▶ _Available data_

-=-=-

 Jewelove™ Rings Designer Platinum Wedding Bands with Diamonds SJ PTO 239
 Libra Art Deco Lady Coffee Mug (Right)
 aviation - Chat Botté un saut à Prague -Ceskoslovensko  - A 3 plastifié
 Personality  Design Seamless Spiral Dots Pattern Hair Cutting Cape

-=-=-

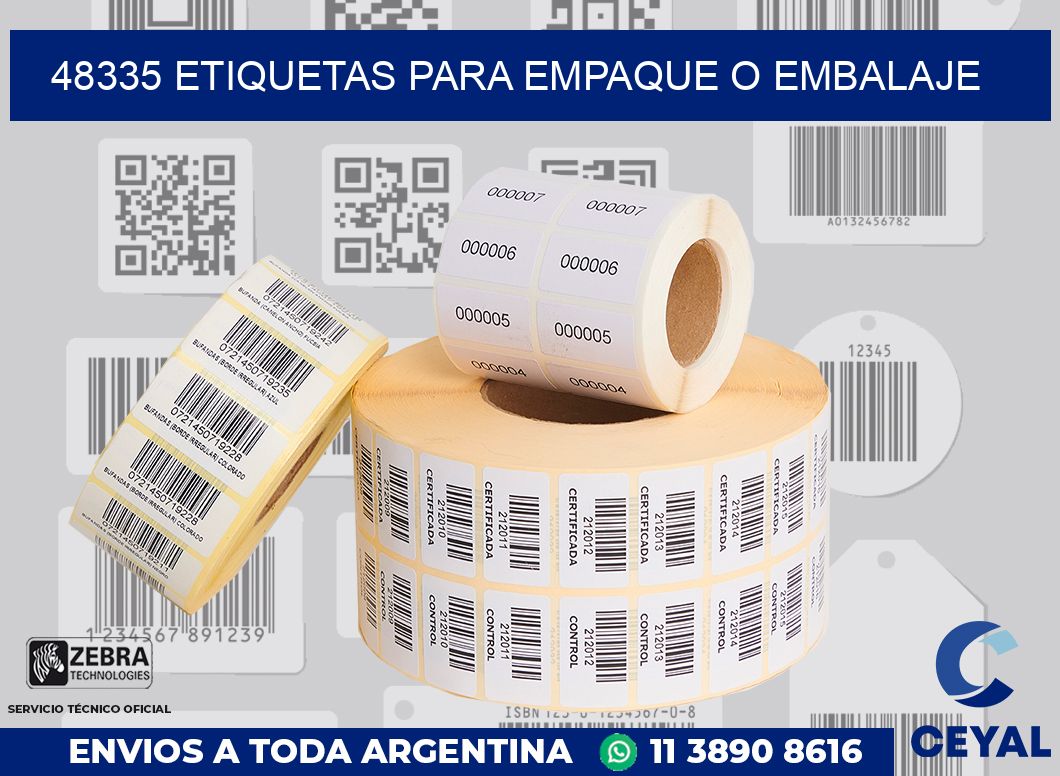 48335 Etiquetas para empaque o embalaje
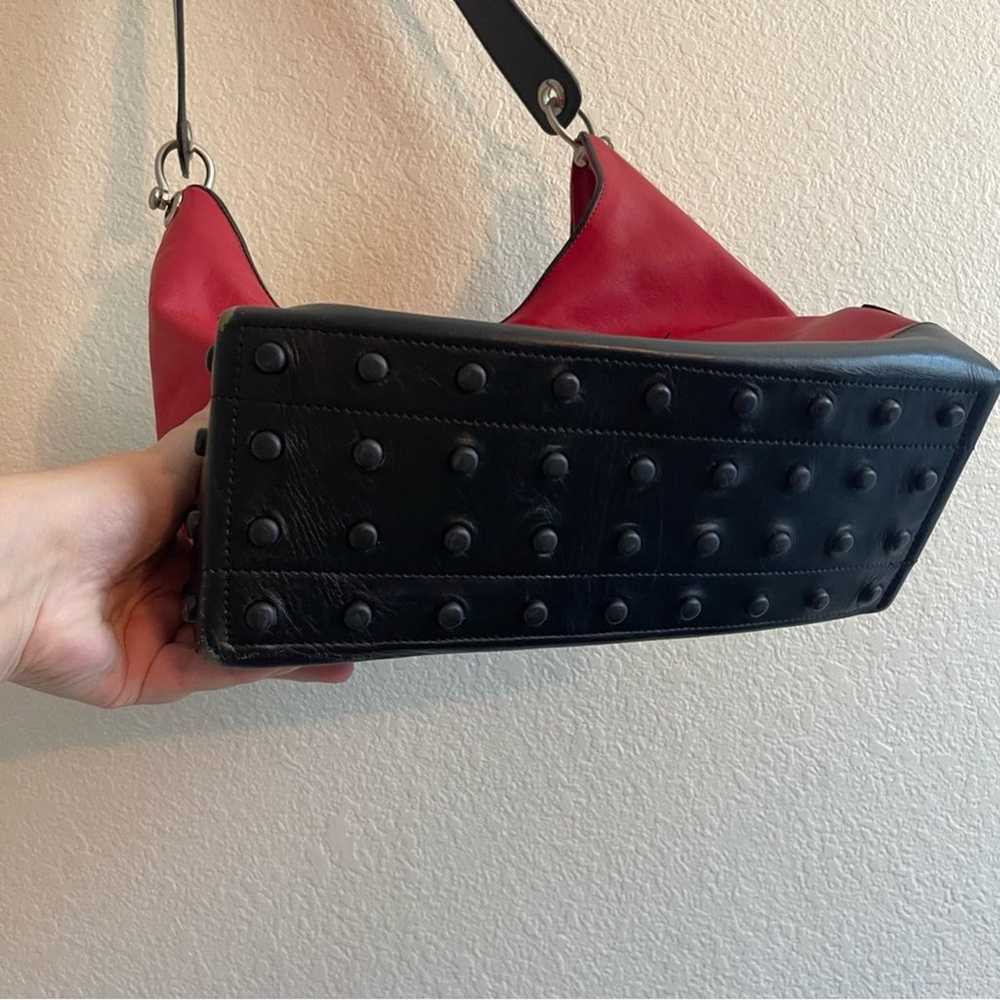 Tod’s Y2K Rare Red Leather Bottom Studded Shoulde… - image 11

-=-=-

▶ _What is required_
Would you retype exactly the lines above, from the line with "Jewelove™ Rings Designer" to the line with "Hair Cutting Cape", with both end lines kept and nothing more?

▶ _Exercise result_
 Jewelove™ Rings Designer Platinum Wedding Bands with Diamonds SJ PTO 239
 Libra Art Deco Lady Coffee Mug (Right)
 aviation - Chat Botté un saut à Prague -Ceskoslovensko  - A 3 plastifié
 Personality  Design Seamless Spiral Dots Pattern Hair Cutting Cape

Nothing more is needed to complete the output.